In commercial real estate, there are three distinct types of leases that are commonly used by landlords. One of those types is known as a full-service gross lease. Below is a guide to full- service gross leases. Read on to learn what this type of lease is, how it compares to the other two types of commercial leases, and the advantages and disadvantages of choosing this lease type. Armed with this knowledge, you should be able to decide if using a full-service gross lease is right for you.
What is a full-service gross lease?
Sometimes referred to as a "full-service lease" or a "gross lease," the term "full-service gross lease" refers to a type of lease structure where the landlord is responsible for paying all of the operating costs related to running the property. Though different setups can be negotiated, this usually includes operating expenses such as common area maintenance, real estate taxes, monthly utilities, and property insurance.
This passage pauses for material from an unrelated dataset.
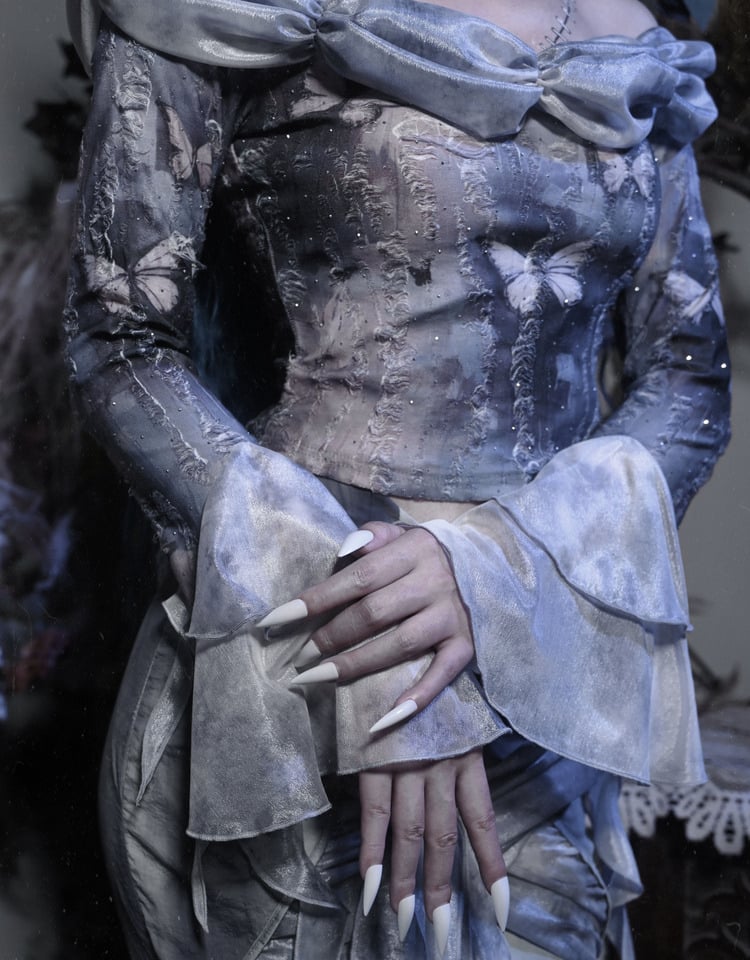 Off-the-shoulder Neckline Butterfly Print Dusty Blue Long Sleeves Top Corpse Bride Vibes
In exchange, the tenant typically pays a higher base rent than they would if some of these expenses were their responsibility.
However, keep in mind that you likely won't be responsible for covering unlimited expenses. These leases are often negotiated with an expense stop written into the lease. Also known as an "expense ceiling," an expense stop is a limit on the total amount of expenses that will be covered by the landlord. Any expenses above that limit are typically passed on to the tenant and considered their responsibility.
Full-service leases are most commonly found in situations where there are multiple tenants in one building, like an office lease or retail lease. In this case, it's often difficult to discern things like utility usage between tenants. It's often easier for the landlord to take care of these expenses and to charge a base rent that covers these costs.
What are the three types of commercial real estate leases
In truth, most commercial real estate leases exist on a spectrum. Within that spectrum, there are three distinct types of leases. We've laid them out below to give you a better idea of which type of commercial lease might be the best fit for you.
Full-service gross lease
As explained above, with a full-service gross lease, the vast majority of the operating expenses fall on the landlord. Traditionally, this type of lease is said to be beneficial to the tenant. Since tenants only have to worry about paying base rent, it becomes very easy to plan for them to plan for their expenses.
On the other hand, with a net lease, most of the property's operating expenses are passed through to the tenant. Generally, these leases are said to benefit the landlord. However, there are three subtypes of net leases to consider:
- Single net lease: In a single net lease, the tenant agrees to pay the property taxes, but all other expenses fall to the landlord.
- Double net lease: In a double net lease, the tenant agrees to pay the real estate taxes and property insurance.
- Triple net lease: In a triple net lease, all of the operating expenses are passed through to the tenant, including property taxes, property insurance, maintenance, repairs, upkeep, and utilities.
Modified gross lease
Finally, there's a commercial real estate lease known as a modified gross lease. Essentially, a modified gross lease is considered to be a middle ground between full-service gross leases and net leases. In this case, the expenses that are to be covered by each party are negotiated on a case-by-case basis.
Advantages of a full-service gross lease
The biggest advantage of a full-service gross lease is that the amount of rent you can charge is almost always higher than it will be with a net lease. Since you, as the landlord, are responsible for covering the majority of the expenses to keep the property up and running, you can build those expenses into the base rent. Savvy landlords may even pad the rent a bit in order to protect themselves and their profit margins in the event of a cost increase.
You may also be able to negotiate an increase in the base rent that will occur over time. Since commercial real estate leases are usually much longer than residential leases, it's common for landlords to negotiate a percentage increase into the base rent every year. Typically, the increase is around 3% in order to account for inflation.
Disadvantages of a full-service gross lease
On the other hand, there are a few major disadvantages to choosing a full-service gross lease. The most obvious one is that there is more responsibility on the landlord. Since you're the one covering the cost of the operating expenses, you'll need to be much more involved in the upkeep of the property than, say, a landlord in a triple net lease, who bears none of the responsibility for the property's expenses and receives a rent check every month. Full-service gross leases are an investment of both time and money,
That said, depending on how the lease is structured, there's also a risk that the property's expenses could increase and cut into your profit margins. That's why it's so important to negotiate an expense stop if you're considering going with this type of commercial lease agreement. Otherwise, you could be on the hook for covering sizable expense increases.
The bottom line
As a landlord, it's important to weigh the advantages and disadvantages of choosing a full-service lease structure for your tenants. While it makes sense in select scenarios, in others, this type of lease could expose you to more risk and responsibility than you need to bear. With that in mind, use this post as your guide to full-service gross leases. Use the information above to help you decide if this type of lease is the right choice for you.